Local schools and community members on Thursday Island are included in developing and delivering the Deadly Little Dolphins initiative.
Two time Olympic basketballer Danny Morseu was born on Thursday Island and is now deputy chair of the Australian Olympic Committee's Indigenous committee.
"Our community is water loving and a structures sustainable in-school learn-to-swim program for our children, along with opportunities to develop swimming stroke competency amongst our local children and youth is exciting and is very welcome," Morseu said.
"We would love a Thursday Island community member to be on the Australian Olympic or Paralympic Team in Brisbane '32."
The Dolphins, as the Australian swim team is known, carries an immediate affinity with many First Nations coastal and island people.

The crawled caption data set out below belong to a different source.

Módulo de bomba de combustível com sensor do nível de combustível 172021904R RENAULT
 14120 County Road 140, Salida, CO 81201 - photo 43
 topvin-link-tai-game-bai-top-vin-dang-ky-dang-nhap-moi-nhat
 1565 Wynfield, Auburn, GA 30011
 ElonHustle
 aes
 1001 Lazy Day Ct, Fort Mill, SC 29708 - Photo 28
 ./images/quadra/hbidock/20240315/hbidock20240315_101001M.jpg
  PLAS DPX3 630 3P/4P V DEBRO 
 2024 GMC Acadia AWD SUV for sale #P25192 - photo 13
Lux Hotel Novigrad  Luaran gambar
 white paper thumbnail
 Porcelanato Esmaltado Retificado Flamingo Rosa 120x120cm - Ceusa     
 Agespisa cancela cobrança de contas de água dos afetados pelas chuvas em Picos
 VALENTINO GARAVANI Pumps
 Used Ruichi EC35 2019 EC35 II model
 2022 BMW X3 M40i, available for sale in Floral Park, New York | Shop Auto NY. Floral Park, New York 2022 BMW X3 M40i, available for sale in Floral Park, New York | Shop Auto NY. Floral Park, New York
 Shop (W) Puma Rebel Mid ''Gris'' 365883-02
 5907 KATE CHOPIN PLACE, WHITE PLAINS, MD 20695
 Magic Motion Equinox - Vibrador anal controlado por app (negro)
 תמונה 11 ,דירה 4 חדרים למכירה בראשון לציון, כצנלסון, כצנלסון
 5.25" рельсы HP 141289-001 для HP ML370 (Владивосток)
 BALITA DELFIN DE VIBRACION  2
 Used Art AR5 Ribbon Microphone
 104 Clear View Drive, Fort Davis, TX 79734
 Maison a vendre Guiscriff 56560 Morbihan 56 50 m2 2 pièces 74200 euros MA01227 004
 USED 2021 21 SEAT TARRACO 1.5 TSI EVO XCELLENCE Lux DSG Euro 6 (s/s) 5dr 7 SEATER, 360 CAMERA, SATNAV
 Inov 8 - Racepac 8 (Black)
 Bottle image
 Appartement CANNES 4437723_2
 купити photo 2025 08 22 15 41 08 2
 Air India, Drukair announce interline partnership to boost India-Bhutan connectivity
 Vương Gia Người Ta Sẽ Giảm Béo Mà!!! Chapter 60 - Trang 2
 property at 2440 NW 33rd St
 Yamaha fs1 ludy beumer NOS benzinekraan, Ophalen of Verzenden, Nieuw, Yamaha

It is a totem for the Quandamooka people of Moreton Bay. Costello said he had a "proud dad moment" when his 15-year-old daughter, Ayla, was asked to design the logo for the Deadly Little Dolphins.
"We call it Buwangan in our language," Costello said.
"And so her being able to look at her culture and the importance of the dolphin in that space but then being able to look at the story of the Deadly Little Dolphins and the pathways and journeys, you'll see that integrated into her design.
"She captured that First Nations culture and the journey that Swimming Australia is taking … I'm extremely proud of her."
South-east Queensland and regional NSW have also been identified as areas where the program can be rolled out next. Meanwhile Swimming Australia says it will partner with schools, swim schools, swimming pool operators, councils and community groups to deliver Deadly Little Dolphins across Australia.
"First Nations people have been involved with water, both fresh and salt, for tens of thousands of years … and competitive games, traditional games … so this connectivity between the First Nations people and our wonderful track record with swimming is something that we really want to embrace and connect with," Costello said.
Despite winning swimming medals at the Olympic games since 1900, the Australian Dolphins have only ever had one First National medallist – Sam Riley, who won a bronze medal in the 100m breaststroke in Barcelona 1992 and Atlanta 1996, where she also swam to a silver medal in the 4x100m medley relay team.
At the time Riley was unaware of her Indigenous heritage. Her mother, Lin, had been given up for adoption as a newborn, and it was only through her determined efforts to find her own mother that her heritage was uncovered in 2001.
That discovery meant Riley was officially Australia's first Indigenous medal winner at an Olympic Games.